Columbia's deal with Trump administration seeks to reduce foreign students

July 28, 2025, 11:01 a.m.

About 13,750 of Columbia’s roughly 35,800 students – or 38% – are international students.

Columbia's famed statue.

The Trump administration’s new agreement with Columbia University takes aim at a key source of revenue for much of higher education: foreign students.

About 13,750 of Columbia’s roughly 35,800 students – or 38% – are international students. The new agreement requires Columbia to “examine its business model and take steps to decrease financial dependence on international student enrollment.”

It also requires a “comprehensive review of its international admissions,” ensuring that “international student-applicants are asked questions designed to elicit their reasons for wishing to study in the United States” and are “committed to the long-standing traditions of American Universities including civil discourse, free inquiry, open debate and the fundamental values of equality and respect.”

James Parrott, a senior fellow at the Center for New York City Affairs at The New School, says the new federal regulations are anathema to those traditions.

“Higher education has been one of the brightest areas of the city's economy in recent years, with international students playing an important part of that,” he said. “It has essentially been a strong New York City export. That strength has now had its knees cut out from under it."

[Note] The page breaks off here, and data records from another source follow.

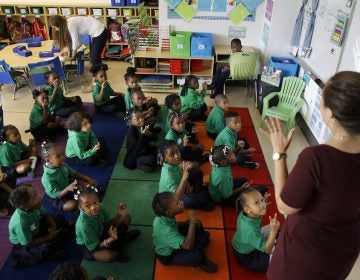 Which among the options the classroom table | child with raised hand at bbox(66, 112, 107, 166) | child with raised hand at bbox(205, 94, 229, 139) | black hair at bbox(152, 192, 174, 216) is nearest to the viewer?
black hair at bbox(152, 192, 174, 216)

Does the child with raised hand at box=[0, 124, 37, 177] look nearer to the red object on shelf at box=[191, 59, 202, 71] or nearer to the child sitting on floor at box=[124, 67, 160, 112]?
the child sitting on floor at box=[124, 67, 160, 112]

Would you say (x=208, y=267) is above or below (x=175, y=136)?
below

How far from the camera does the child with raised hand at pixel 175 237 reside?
8.12 feet

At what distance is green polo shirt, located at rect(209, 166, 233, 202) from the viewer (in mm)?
3154

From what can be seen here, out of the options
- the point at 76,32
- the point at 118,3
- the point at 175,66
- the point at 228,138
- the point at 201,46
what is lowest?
the point at 228,138

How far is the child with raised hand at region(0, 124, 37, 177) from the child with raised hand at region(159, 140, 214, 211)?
1604 mm

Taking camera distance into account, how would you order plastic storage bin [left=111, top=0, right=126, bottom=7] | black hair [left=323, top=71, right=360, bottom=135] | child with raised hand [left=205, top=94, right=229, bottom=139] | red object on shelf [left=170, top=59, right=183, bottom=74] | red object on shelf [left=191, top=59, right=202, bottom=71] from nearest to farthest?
black hair [left=323, top=71, right=360, bottom=135]
child with raised hand [left=205, top=94, right=229, bottom=139]
red object on shelf [left=170, top=59, right=183, bottom=74]
red object on shelf [left=191, top=59, right=202, bottom=71]
plastic storage bin [left=111, top=0, right=126, bottom=7]

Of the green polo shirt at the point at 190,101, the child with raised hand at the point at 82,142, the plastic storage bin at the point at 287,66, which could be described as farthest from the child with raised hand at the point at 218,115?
the child with raised hand at the point at 82,142

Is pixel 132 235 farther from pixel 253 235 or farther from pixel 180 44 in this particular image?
pixel 180 44

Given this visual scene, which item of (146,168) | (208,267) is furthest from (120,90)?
(208,267)

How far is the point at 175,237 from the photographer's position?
8.16 ft

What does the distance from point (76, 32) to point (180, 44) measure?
1.81 metres

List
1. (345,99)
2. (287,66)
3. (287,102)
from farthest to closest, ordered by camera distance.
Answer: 1. (287,66)
2. (287,102)
3. (345,99)

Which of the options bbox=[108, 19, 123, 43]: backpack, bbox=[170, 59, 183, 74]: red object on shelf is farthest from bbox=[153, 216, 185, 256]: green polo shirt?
bbox=[108, 19, 123, 43]: backpack
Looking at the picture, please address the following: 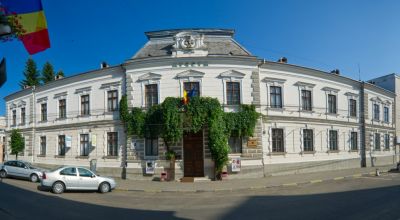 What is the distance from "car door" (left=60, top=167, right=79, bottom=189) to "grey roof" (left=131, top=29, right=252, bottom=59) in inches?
427

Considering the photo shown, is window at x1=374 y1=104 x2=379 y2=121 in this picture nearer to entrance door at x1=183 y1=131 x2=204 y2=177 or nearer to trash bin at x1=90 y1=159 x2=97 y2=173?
entrance door at x1=183 y1=131 x2=204 y2=177

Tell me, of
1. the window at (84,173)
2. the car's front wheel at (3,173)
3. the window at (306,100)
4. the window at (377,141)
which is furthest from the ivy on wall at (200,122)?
the window at (377,141)

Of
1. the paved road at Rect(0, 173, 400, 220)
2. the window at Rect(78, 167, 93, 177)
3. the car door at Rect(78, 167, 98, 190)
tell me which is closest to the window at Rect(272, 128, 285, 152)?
the paved road at Rect(0, 173, 400, 220)

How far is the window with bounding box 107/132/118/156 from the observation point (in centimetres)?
2527

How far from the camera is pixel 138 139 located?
23828 mm

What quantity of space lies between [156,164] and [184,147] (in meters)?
2.41

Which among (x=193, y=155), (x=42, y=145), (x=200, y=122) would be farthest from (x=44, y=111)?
(x=200, y=122)

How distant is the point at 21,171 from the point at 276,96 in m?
20.2

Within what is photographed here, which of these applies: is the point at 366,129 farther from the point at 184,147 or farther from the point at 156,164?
the point at 156,164

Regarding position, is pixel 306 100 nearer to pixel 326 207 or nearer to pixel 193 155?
pixel 193 155

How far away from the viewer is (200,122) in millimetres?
21891

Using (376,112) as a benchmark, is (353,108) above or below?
above

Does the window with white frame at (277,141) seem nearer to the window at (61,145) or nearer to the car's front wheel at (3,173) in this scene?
the window at (61,145)

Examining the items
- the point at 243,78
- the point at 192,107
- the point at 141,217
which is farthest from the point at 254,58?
the point at 141,217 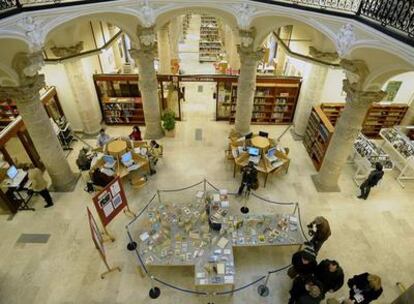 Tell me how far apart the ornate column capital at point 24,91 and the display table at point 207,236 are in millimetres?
4236

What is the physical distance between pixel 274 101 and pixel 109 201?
26.2 feet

Under the deal, Columbia will share admissions data with an independent monitor and the government. If either side feels like the other isn’t living up to the deal, the dispute could end up in court.

In a letter to the Columbia community on Thursday, acting university President Claire Shipman said the agreement resolved “a period of institutional uncertainty.” She defended the deal, writing that fighting the Trump administration could have led to the revocation of thousands of international student visas.

The university agreed Wednesday to pay $221 million to settle civil rights investigations and restore access to hundreds of millions of dollars in research grants. It codifies a slew of reforms the university made to address antisemitism, while underscoring some Trump administration priorities, such as requiring all-female sports and barring race preferences in admissions.

Miriam Feldblum, president of the President's Alliance on Higher Education and Immigration, said some of the demands involving admission and student conduct “are already policy and practice.”

But she said the move to reduce reliance on international students is part of a broader pattern by the Trump administration that surveys show is deterring international students from enrolling in the United States.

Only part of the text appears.